**Exercise goal**
Reproduce the listing exactly and skip over any pictures.

**Records supplied**
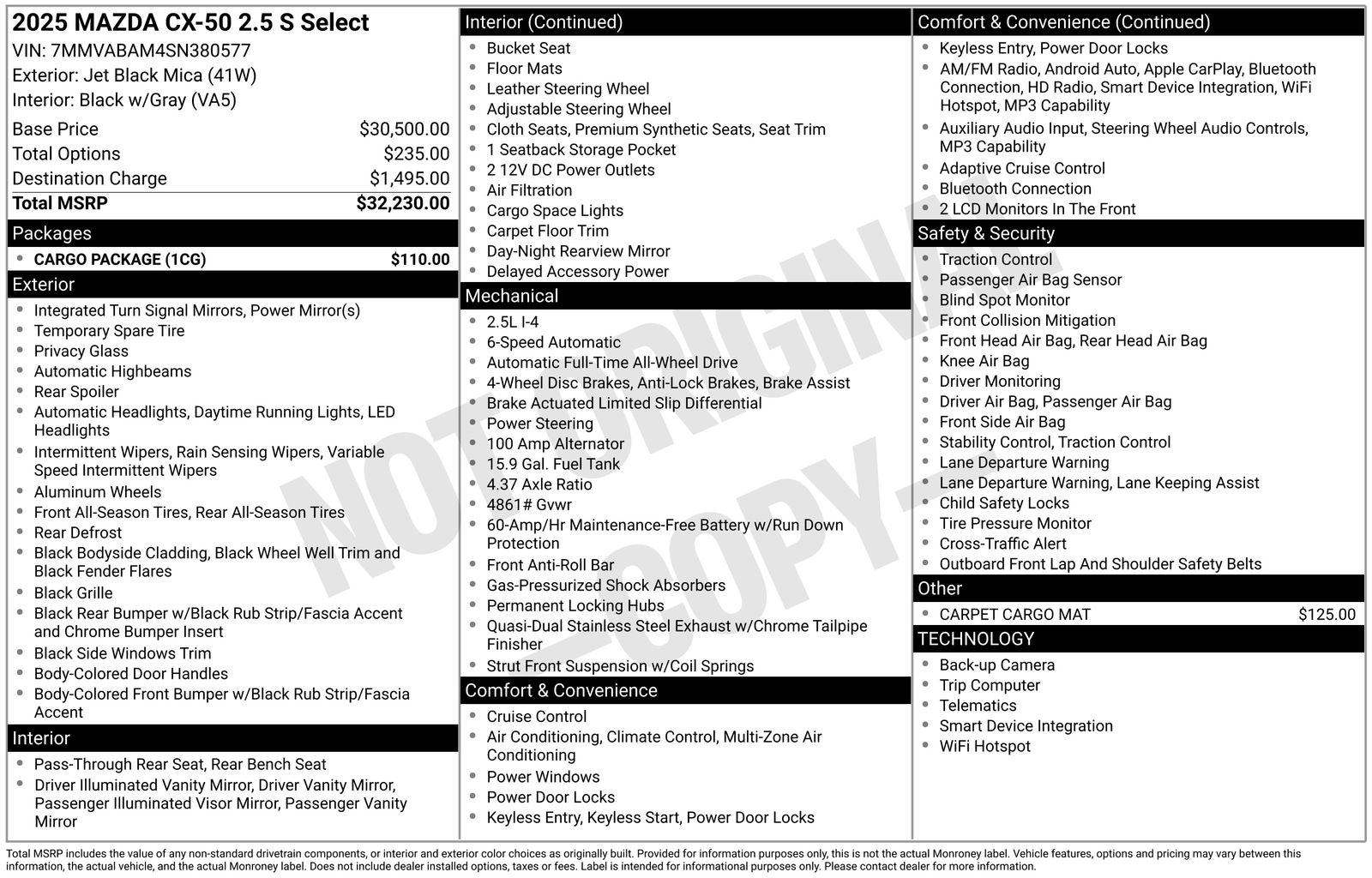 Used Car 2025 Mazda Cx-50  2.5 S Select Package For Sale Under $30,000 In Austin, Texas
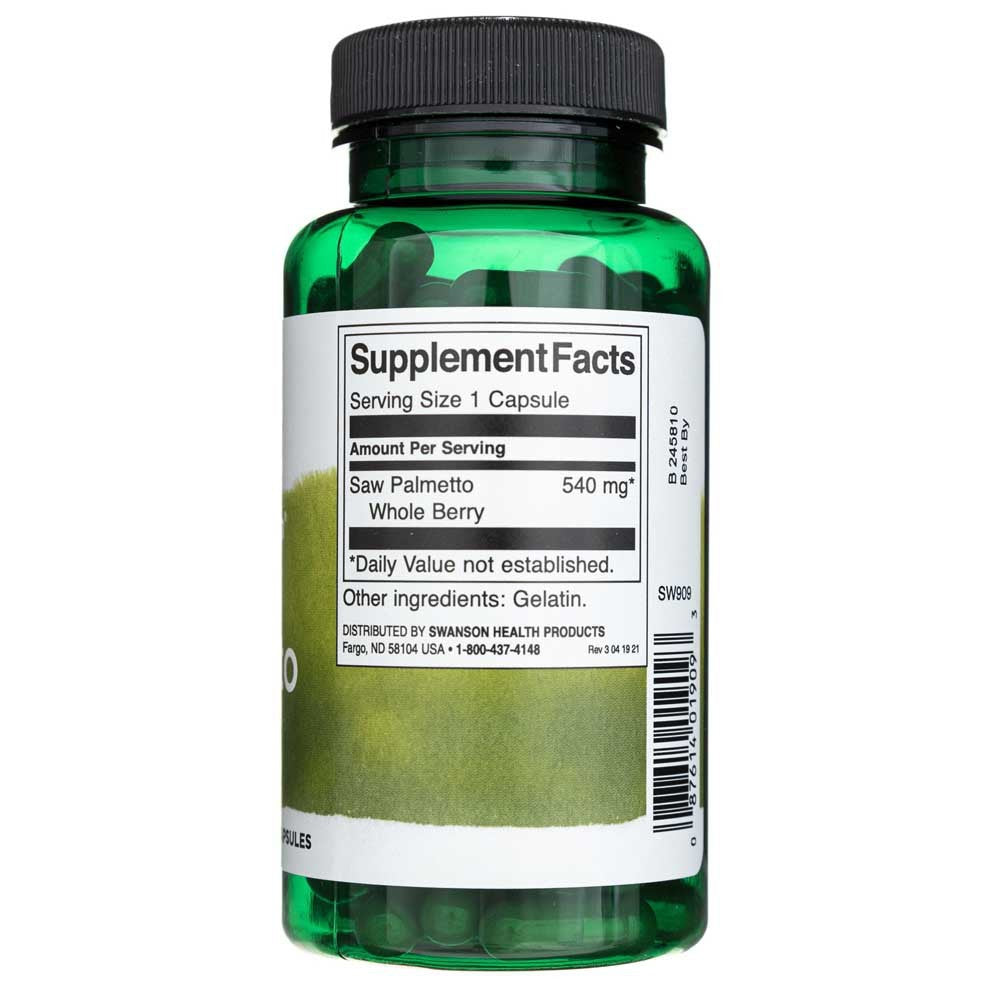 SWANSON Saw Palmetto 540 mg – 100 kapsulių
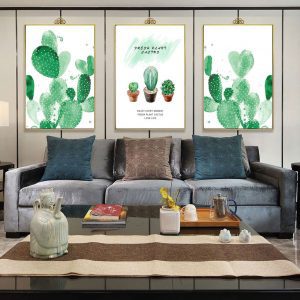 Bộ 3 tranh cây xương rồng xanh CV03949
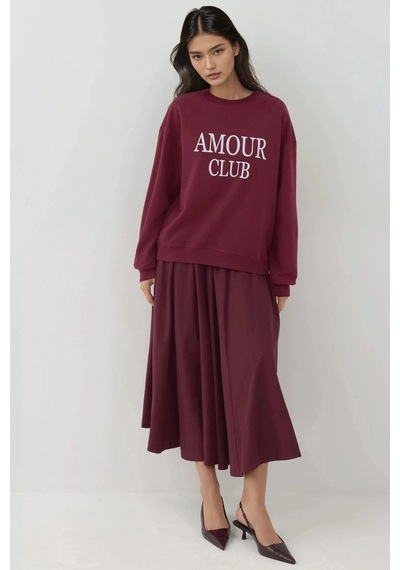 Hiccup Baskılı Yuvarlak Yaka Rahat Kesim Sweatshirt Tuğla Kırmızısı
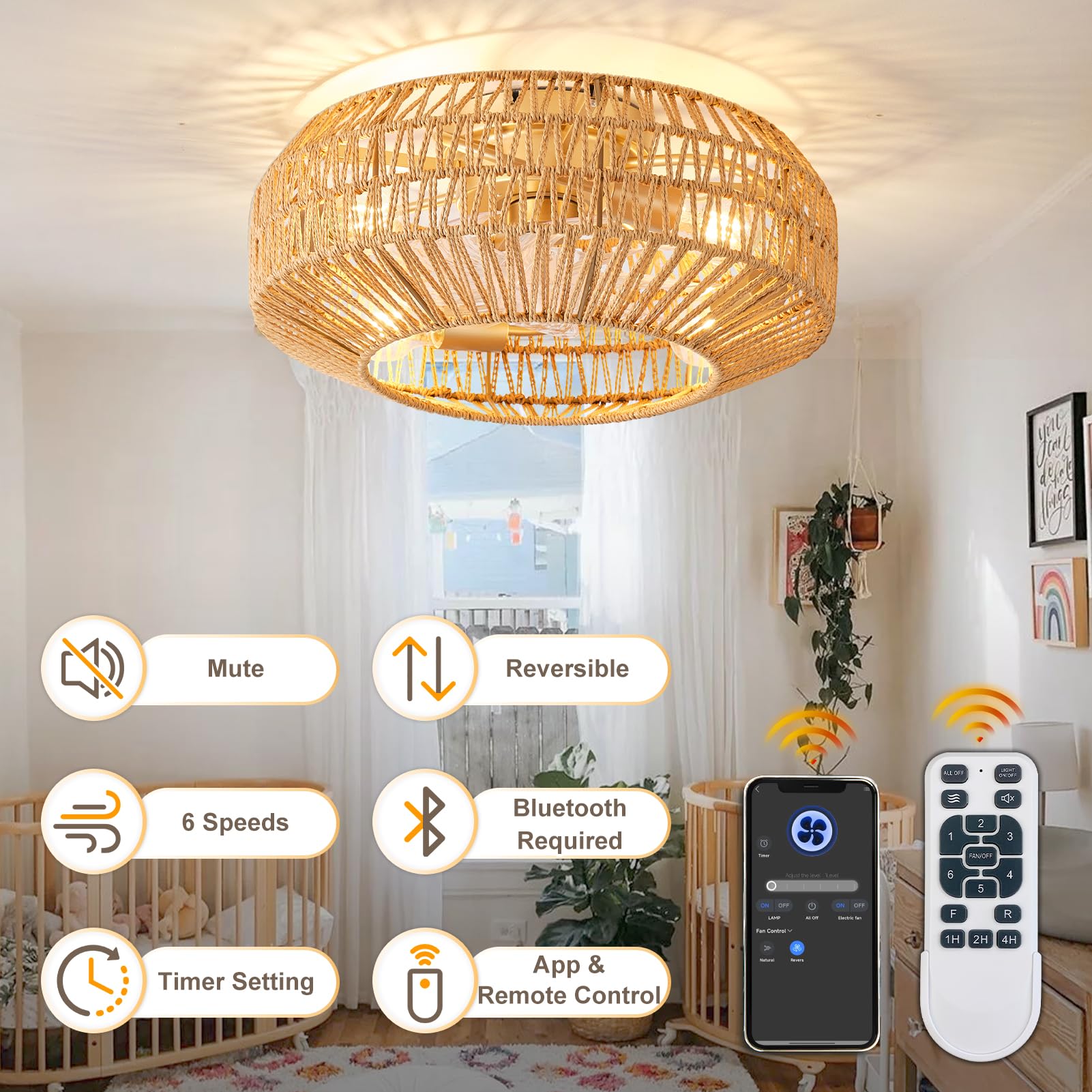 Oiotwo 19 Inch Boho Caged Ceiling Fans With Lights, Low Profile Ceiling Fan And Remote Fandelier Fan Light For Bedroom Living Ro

**Answer to this exercise**
 Used Car 2025 Mazda Cx-50  2.5 S Select Package For Sale Under $30,000 In Austin, Texas
 SWANSON Saw Palmetto 540 mg – 100 kapsulių
 Bộ 3 tranh cây xương rồng xanh CV03949
 Hiccup Baskılı Yuvarlak Yaka Rahat Kesim Sweatshirt Tuğla Kırmızısı
 Oiotwo 19 Inch Boho Caged Ceiling Fans With Lights, Low Profile Ceiling Fan And Remote Fandelier Fan Light For Bedroom Living Ro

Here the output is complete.